Abstractly there is a graph G from which two graphs Gt (for “target”) and Ga (for “auxiliary”) are derived via some stochastic process. There is thus a natural notion of (partial) correspondence between the nodes of Gt and Ga; the goal of de-anonymization is to recover this correspondence.

The stochastic process involved could be as simple as the deletion of random edges. At the other extreme, if we’re considering two entirely different online social networks, say Facebook and LinkedIn, then $ G$ is the underlying social graph of human relationships, and Gt and Ga are generated according to the processes by which users join online social networks, which has no simple algorithmic description.

Algorithms

The privacy-sensitive data closely related to individual behaviour usually contain rich graph structural characteristics. For example, social network data can be modelled as graphs and mobility traces (WiFi contacts, Instant Message contacts) can also be modelled as graph topologies. Even general spatio-temporal data (mobility traces) with the classical (latitude, longitude, timestamp) format can be converted to structural data. The resulting graphs represent entities connected by edges representing relations such as friendship, communication or shared activity, and can be combined for de-anonymisation purposes. Heuristics such as eccentricity, edge directionality, and reverse match receive an entirely new meaning.

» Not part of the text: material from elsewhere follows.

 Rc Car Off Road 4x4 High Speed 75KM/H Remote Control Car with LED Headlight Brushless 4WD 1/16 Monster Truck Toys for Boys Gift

Backstrom designed both active and passive attacks to break the privacy of SN users (leveraging the success of a “sybil” attack before actual anonymised data publication, therefor less practical); Narayanan effectively de-anonymised a Twitter dataset by using a Flickr dataset as auxiliary information based on the inherent cross-site correlations; Nilizadeh exploited the community structure of graphs to de-anonymise social networks; Srivatsa proposed to de-anonymise a set of location traces based on a social network (only suitable for small datasets due to the computational infeasibility of finding a proper land-mark mappings for large datasets); and the Grasshopper technique has a higher de-anonymisation effectiveness than other structural attacks.

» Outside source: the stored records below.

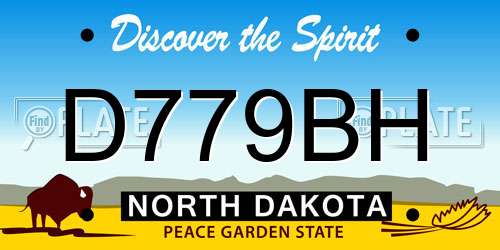 D779BH North Dakota License Plate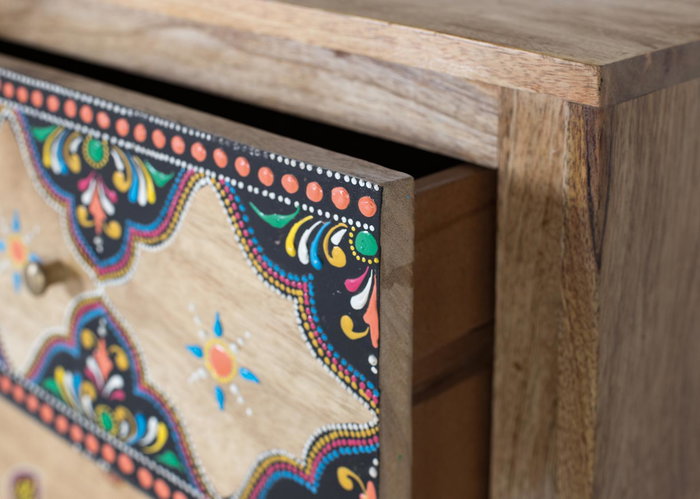 Giner y Colomer Cómoda de Madera Maciza de Mango con Detalles Pintados a Mano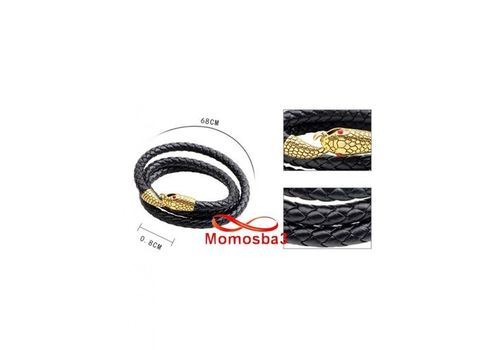 Bracelet Snak Unisex En Cuir Noir Fermoir Snak DORE au meilleur prix au Maroc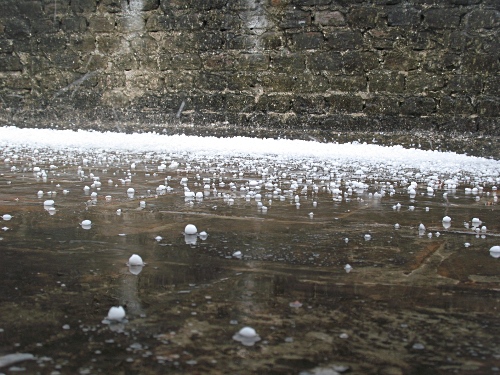 A close-up of the hail on our roof.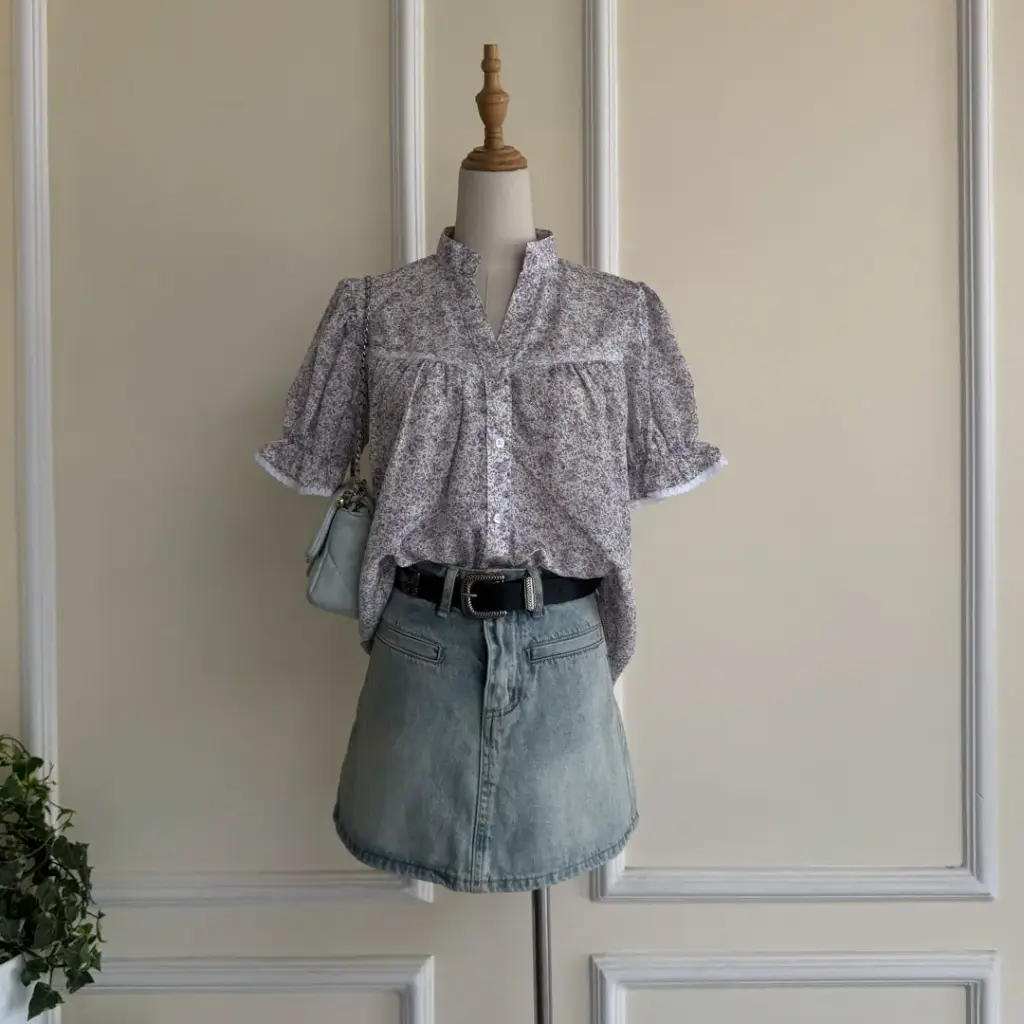 HB SS25-132 LACEY FLORAL TOP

Recently, in 2017 a novel blind structure-based de-anonymization attack, which does not require the attacker to have prior information (seeds), saw the light. The method experimentally demonstrated to be robust to data perturbations and claims to significantly outperform state-of-the-art de-anonymization techniques by up to 10× improvement. The method uses multi-hop neighbourhood information, and optimises the process of de-anonymization by exploiting enhanced machine learning techniques.

Mitigation

Several papers have claimed to provide k-anonymity, or variants thereof, for graphs. These have only been evaluated against graphs with a small number of nodes and small average degree, and only consider the threat of adversaries with restricted types of auxiliary information, which does not include global information such as another graph that is structurally related to the target graph.

Differential privacy might offer a potential method to bypass the need for anonymisation. A differentially private dataset (primarily, a sanitised item-item covariance matrix) instead of raw user data could be used, but restricts the class of machine learning algorithms that can be applied, and may require a shift from the “release-and-forget” model to an online privacy-preserving computation model.